The little high-tech sleeve that could…

News story clip-art icon“I think I can, I think I can!” – said the little red train engine, er no, said Ian Burkhart, a Quadriplegic who has, according to tech-site Giz-Mag, been “given the ability to move his fingers and hand with his own thoughts thanks to the implantation of an electronic device in his brain and muscle stimulation sleeve.”

The technology is a neurostimulation system dubbed “Neurobridge,” which essentially bypasses the damaged spinal cord and reconnects the brain directly to the muscles.

The article states:

Neurobridge is the only system claimed so far to bypass the spinal cord and provide direct stimulation of a human patient’s muscles using their own thoughts. The first patient to use the Neurobridge neural bypass device is Ian Burkhart, a 23-year-old from Dublin, Ohio, who was paralyzed four years ago in a diving accident. Burkhart saw the chance to participate in the FDA-approved clinical trial at Ohio State’s Wexner Medical Center as a possible way to help other people suffering spinal cord injuries.

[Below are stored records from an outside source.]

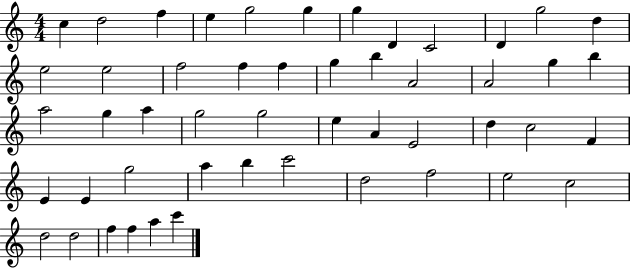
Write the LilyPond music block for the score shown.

{
  \clef treble
  \numericTimeSignature
  \time 4/4
  \key c \major
  c''4 d''2 f''4 | e''4 g''2 g''4 | g''4 d'4 c'2 | d'4 g''2 d''4 | \break e''2 e''2 | f''2 f''4 f''4 | g''4 b''4 a'2 | a'2 g''4 b''4 | \break a''2 g''4 a''4 | g''2 g''2 | e''4 a'4 e'2 | d''4 c''2 f'4 | \break e'4 e'4 g''2 | a''4 b''4 c'''2 | d''2 f''2 | e''2 c''2 | \break d''2 d''2 | f''4 f''4 a''4 c'''4 | \bar "|."
}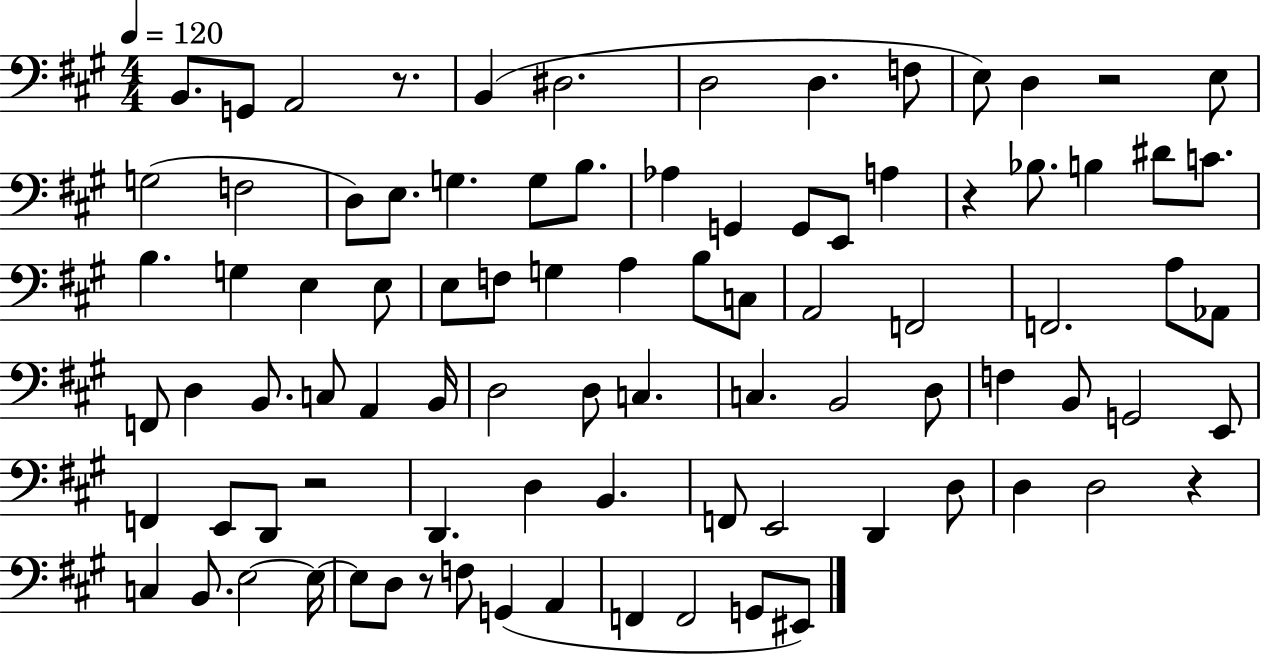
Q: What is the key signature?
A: A major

Burkhart had the Neurobridge device – a micro-chip sensor smaller than a pea – implanted onto the motor cortex area of his brain in a three-hour operation earlier this year. “The surgery required the precise implantation of the micro-chip sensor in the area of Ian’s brain that controls his arm and hand movements,” Wexner Center clinician Dr. Ali Rezai said.

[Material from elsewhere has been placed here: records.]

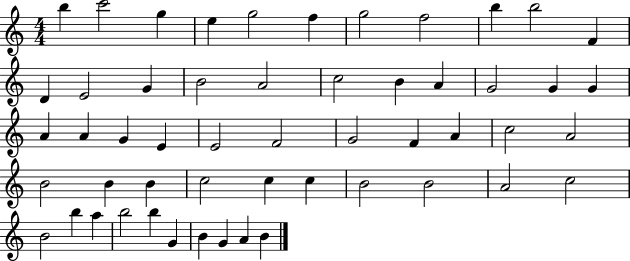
X:1
T:Untitled
M:4/4
L:1/4
K:C
b c'2 g e g2 f g2 f2 b b2 F D E2 G B2 A2 c2 B A G2 G G A A G E E2 F2 G2 F A c2 A2 B2 B B c2 c c B2 B2 A2 c2 B2 b a b2 b G B G A B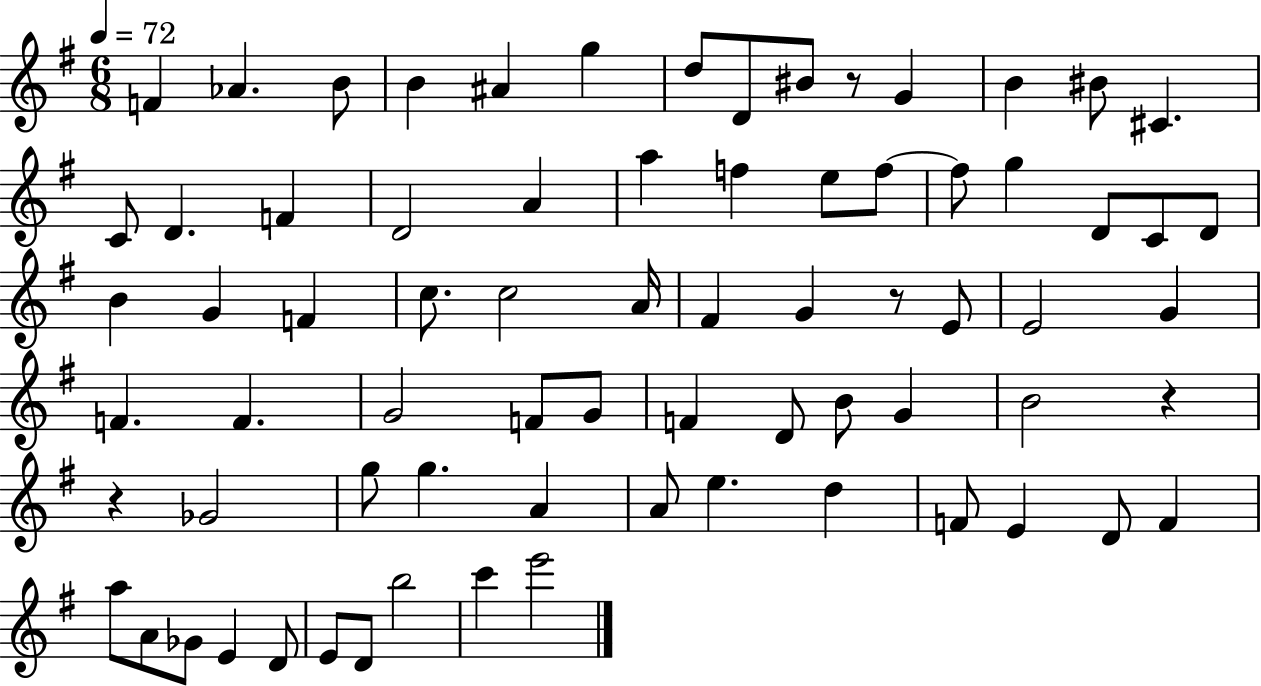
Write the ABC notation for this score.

X:1
T:Untitled
M:6/8
L:1/4
K:G
F _A B/2 B ^A g d/2 D/2 ^B/2 z/2 G B ^B/2 ^C C/2 D F D2 A a f e/2 f/2 f/2 g D/2 C/2 D/2 B G F c/2 c2 A/4 ^F G z/2 E/2 E2 G F F G2 F/2 G/2 F D/2 B/2 G B2 z z _G2 g/2 g A A/2 e d F/2 E D/2 F a/2 A/2 _G/2 E D/2 E/2 D/2 b2 c' e'2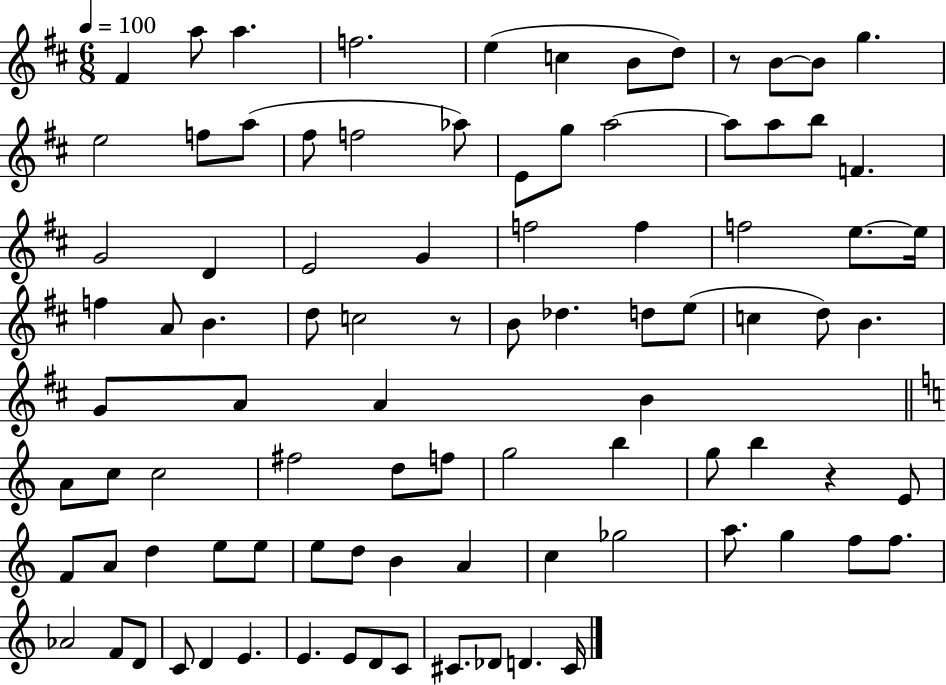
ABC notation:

X:1
T:Untitled
M:6/8
L:1/4
K:D
^F a/2 a f2 e c B/2 d/2 z/2 B/2 B/2 g e2 f/2 a/2 ^f/2 f2 _a/2 E/2 g/2 a2 a/2 a/2 b/2 F G2 D E2 G f2 f f2 e/2 e/4 f A/2 B d/2 c2 z/2 B/2 _d d/2 e/2 c d/2 B G/2 A/2 A B A/2 c/2 c2 ^f2 d/2 f/2 g2 b g/2 b z E/2 F/2 A/2 d e/2 e/2 e/2 d/2 B A c _g2 a/2 g f/2 f/2 _A2 F/2 D/2 C/2 D E E E/2 D/2 C/2 ^C/2 _D/2 D ^C/4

Following the operation, the researchers worked on a way to arrange the correct sequence of electrodes to stimulate to permit Burkhart to move his fingers and hand in a functional manner. Unlike other devices that merely stimulate gross-motor areas to provide muscle tension, the Neurobridge device specifically targets individual muscles matched to individual neural impulses.